# [Exercise brief]
Only an exact repetition of the entries will do.

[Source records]
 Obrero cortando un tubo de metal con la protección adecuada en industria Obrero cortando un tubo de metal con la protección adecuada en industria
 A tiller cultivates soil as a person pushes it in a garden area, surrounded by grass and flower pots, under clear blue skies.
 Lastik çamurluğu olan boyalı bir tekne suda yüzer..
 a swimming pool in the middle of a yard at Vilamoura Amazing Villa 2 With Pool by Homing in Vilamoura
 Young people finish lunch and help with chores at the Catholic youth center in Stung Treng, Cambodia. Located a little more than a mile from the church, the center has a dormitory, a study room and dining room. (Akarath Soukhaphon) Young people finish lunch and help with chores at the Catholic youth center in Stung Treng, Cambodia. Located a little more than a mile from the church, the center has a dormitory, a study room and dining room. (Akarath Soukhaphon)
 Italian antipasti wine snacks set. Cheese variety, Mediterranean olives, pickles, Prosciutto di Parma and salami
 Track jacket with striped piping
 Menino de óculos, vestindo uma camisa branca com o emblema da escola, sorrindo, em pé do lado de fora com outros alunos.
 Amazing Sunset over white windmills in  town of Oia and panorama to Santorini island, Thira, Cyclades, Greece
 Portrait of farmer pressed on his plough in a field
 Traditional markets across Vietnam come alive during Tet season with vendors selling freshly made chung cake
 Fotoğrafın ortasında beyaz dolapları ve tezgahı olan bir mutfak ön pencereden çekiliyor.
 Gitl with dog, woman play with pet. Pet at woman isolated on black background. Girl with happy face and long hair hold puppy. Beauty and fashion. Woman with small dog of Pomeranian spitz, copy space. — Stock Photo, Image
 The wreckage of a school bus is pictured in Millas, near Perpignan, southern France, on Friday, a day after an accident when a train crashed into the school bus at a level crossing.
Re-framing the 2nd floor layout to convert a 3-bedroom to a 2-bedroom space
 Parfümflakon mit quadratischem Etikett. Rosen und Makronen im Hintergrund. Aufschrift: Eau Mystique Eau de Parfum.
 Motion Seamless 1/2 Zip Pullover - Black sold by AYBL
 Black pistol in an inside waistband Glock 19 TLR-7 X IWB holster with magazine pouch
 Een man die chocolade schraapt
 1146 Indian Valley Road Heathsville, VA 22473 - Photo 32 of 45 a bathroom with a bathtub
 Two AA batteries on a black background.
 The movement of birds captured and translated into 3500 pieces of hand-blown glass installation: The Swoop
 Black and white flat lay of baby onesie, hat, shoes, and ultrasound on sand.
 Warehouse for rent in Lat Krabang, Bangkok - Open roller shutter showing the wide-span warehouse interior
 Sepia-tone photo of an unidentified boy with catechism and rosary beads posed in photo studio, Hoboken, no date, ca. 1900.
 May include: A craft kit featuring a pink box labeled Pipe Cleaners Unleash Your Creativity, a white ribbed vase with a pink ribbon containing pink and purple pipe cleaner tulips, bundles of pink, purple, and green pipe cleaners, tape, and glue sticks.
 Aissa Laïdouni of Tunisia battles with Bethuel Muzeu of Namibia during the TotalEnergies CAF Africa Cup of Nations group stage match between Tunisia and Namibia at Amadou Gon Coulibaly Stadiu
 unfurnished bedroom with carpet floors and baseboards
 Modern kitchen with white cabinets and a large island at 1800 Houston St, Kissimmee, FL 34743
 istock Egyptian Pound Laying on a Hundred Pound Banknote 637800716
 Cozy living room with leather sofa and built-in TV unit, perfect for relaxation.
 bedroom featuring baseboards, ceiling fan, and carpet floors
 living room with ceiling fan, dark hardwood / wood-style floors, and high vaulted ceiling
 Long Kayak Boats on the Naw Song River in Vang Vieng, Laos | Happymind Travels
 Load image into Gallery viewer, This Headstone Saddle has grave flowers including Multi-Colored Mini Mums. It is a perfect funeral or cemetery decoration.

# [Solved problem]
 Obrero cortando un tubo de metal con la protección adecuada en industria Obrero cortando un tubo de metal con la protección adecuada en industria
 A tiller cultivates soil as a person pushes it in a garden area, surrounded by grass and flower pots, under clear blue skies.
 Lastik çamurluğu olan boyalı bir tekne suda yüzer..
 a swimming pool in the middle of a yard at Vilamoura Amazing Villa 2 With Pool by Homing in Vilamoura
 Young people finish lunch and help with chores at the Catholic youth center in Stung Treng, Cambodia. Located a little more than a mile from the church, the center has a dormitory, a study room and dining room. (Akarath Soukhaphon) Young people finish lunch and help with chores at the Catholic youth center in Stung Treng, Cambodia. Located a little more than a mile from the church, the center has a dormitory, a study room and dining room. (Akarath Soukhaphon)
 Italian antipasti wine snacks set. Cheese variety, Mediterranean olives, pickles, Prosciutto di Parma and salami
 Track jacket with striped piping
 Menino de óculos, vestindo uma camisa branca com o emblema da escola, sorrindo, em pé do lado de fora com outros alunos.
 Amazing Sunset over white windmills in  town of Oia and panorama to Santorini island, Thira, Cyclades, Greece
 Portrait of farmer pressed on his plough in a field
 Traditional markets across Vietnam come alive during Tet season with vendors selling freshly made chung cake
 Fotoğrafın ortasında beyaz dolapları ve tezgahı olan bir mutfak ön pencereden çekiliyor.
 Gitl with dog, woman play with pet. Pet at woman isolated on black background. Girl with happy face and long hair hold puppy. Beauty and fashion. Woman with small dog of Pomeranian spitz, copy space. — Stock Photo, Image
 The wreckage of a school bus is pictured in Millas, near Perpignan, southern France, on Friday, a day after an accident when a train crashed into the school bus at a level crossing.
Re-framing the 2nd floor layout to convert a 3-bedroom to a 2-bedroom space
 Parfümflakon mit quadratischem Etikett. Rosen und Makronen im Hintergrund. Aufschrift: Eau Mystique Eau de Parfum.
 Motion Seamless 1/2 Zip Pullover - Black sold by AYBL
 Black pistol in an inside waistband Glock 19 TLR-7 X IWB holster with magazine pouch
 Een man die chocolade schraapt
 1146 Indian Valley Road Heathsville, VA 22473 - Photo 32 of 45 a bathroom with a bathtub
 Two AA batteries on a black background.
 The movement of birds captured and translated into 3500 pieces of hand-blown glass installation: The Swoop
 Black and white flat lay of baby onesie, hat, shoes, and ultrasound on sand.
 Warehouse for rent in Lat Krabang, Bangkok - Open roller shutter showing the wide-span warehouse interior
 Sepia-tone photo of an unidentified boy with catechism and rosary beads posed in photo studio, Hoboken, no date, ca. 1900.
 May include: A craft kit featuring a pink box labeled Pipe Cleaners Unleash Your Creativity, a white ribbed vase with a pink ribbon containing pink and purple pipe cleaner tulips, bundles of pink, purple, and green pipe cleaners, tape, and glue sticks.
 Aissa Laïdouni of Tunisia battles with Bethuel Muzeu of Namibia during the TotalEnergies CAF Africa Cup of Nations group stage match between Tunisia and Namibia at Amadou Gon Coulibaly Stadiu
 unfurnished bedroom with carpet floors and baseboards
 Modern kitchen with white cabinets and a large island at 1800 Houston St, Kissimmee, FL 34743
 istock Egyptian Pound Laying on a Hundred Pound Banknote 637800716
 Cozy living room with leather sofa and built-in TV unit, perfect for relaxation.
 bedroom featuring baseboards, ceiling fan, and carpet floors
 living room with ceiling fan, dark hardwood / wood-style floors, and high vaulted ceiling
 Long Kayak Boats on the Naw Song River in Vang Vieng, Laos | Happymind Travels
 Load image into Gallery viewer, This Headstone Saddle has grave flowers including Multi-Colored Mini Mums. It is a perfect funeral or cemetery decoration.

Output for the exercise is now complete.